**Input data**:

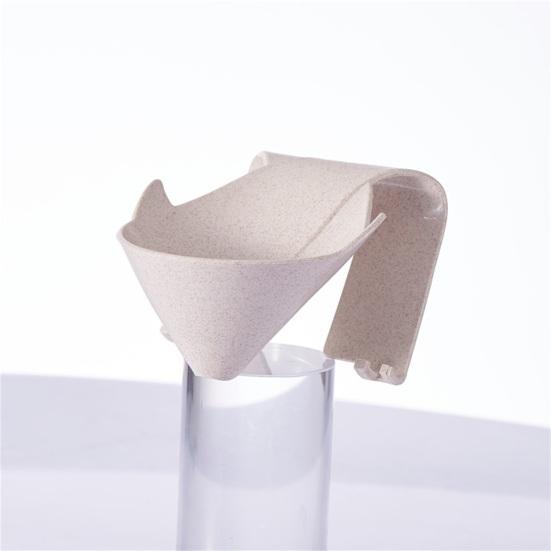 Soap Dish Wall Mounted Water Draining Quick Dry Water-free Soap Sponge Holder for Home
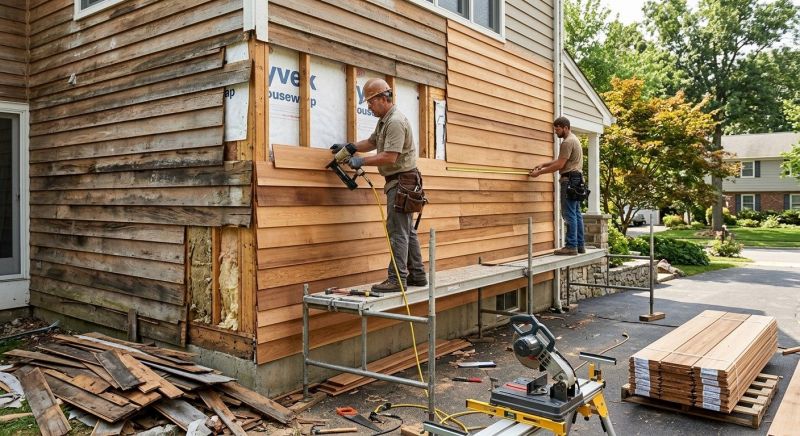 Wood Siding Service in Sequatchie County, TN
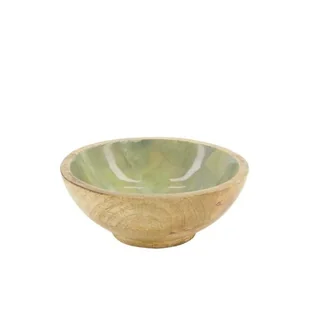 Miska z drewna mango 18 cm - Miski i półmiski - miniaturka - grafika 1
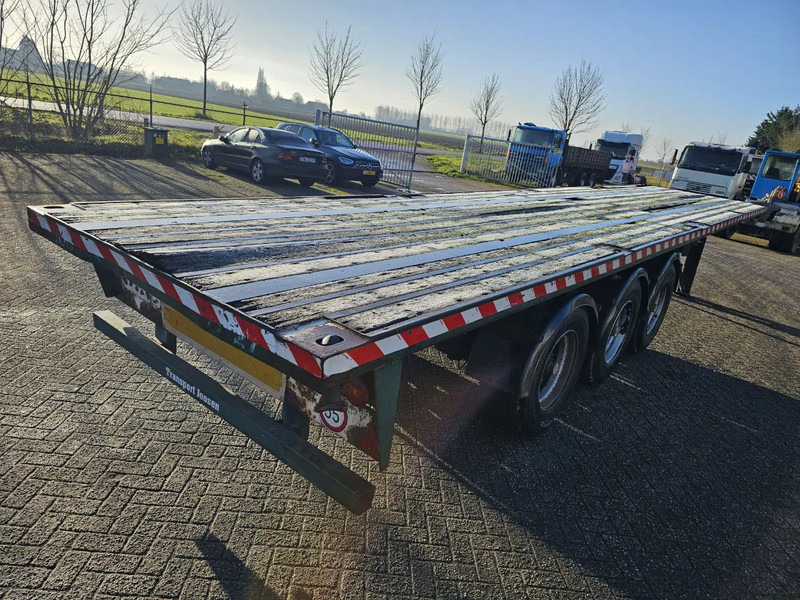 Van Hool BPW - DRUM - Twistlocks - Plato poluprikolica: slika 4 Van Hool BPW - DRUM - Twistlocks - Plato poluprikolica: slika 4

**Work instructions**:
Print the material again word for word. Please drop every picture.

**Answer for this exercise**:
 Soap Dish Wall Mounted Water Draining Quick Dry Water-free Soap Sponge Holder for Home
 Wood Siding Service in Sequatchie County, TN
 Miska z drewna mango 18 cm - Miski i półmiski - miniaturka - grafika 1
 Van Hool BPW - DRUM - Twistlocks - Plato poluprikolica: slika 4 Van Hool BPW - DRUM - Twistlocks - Plato poluprikolica: slika 4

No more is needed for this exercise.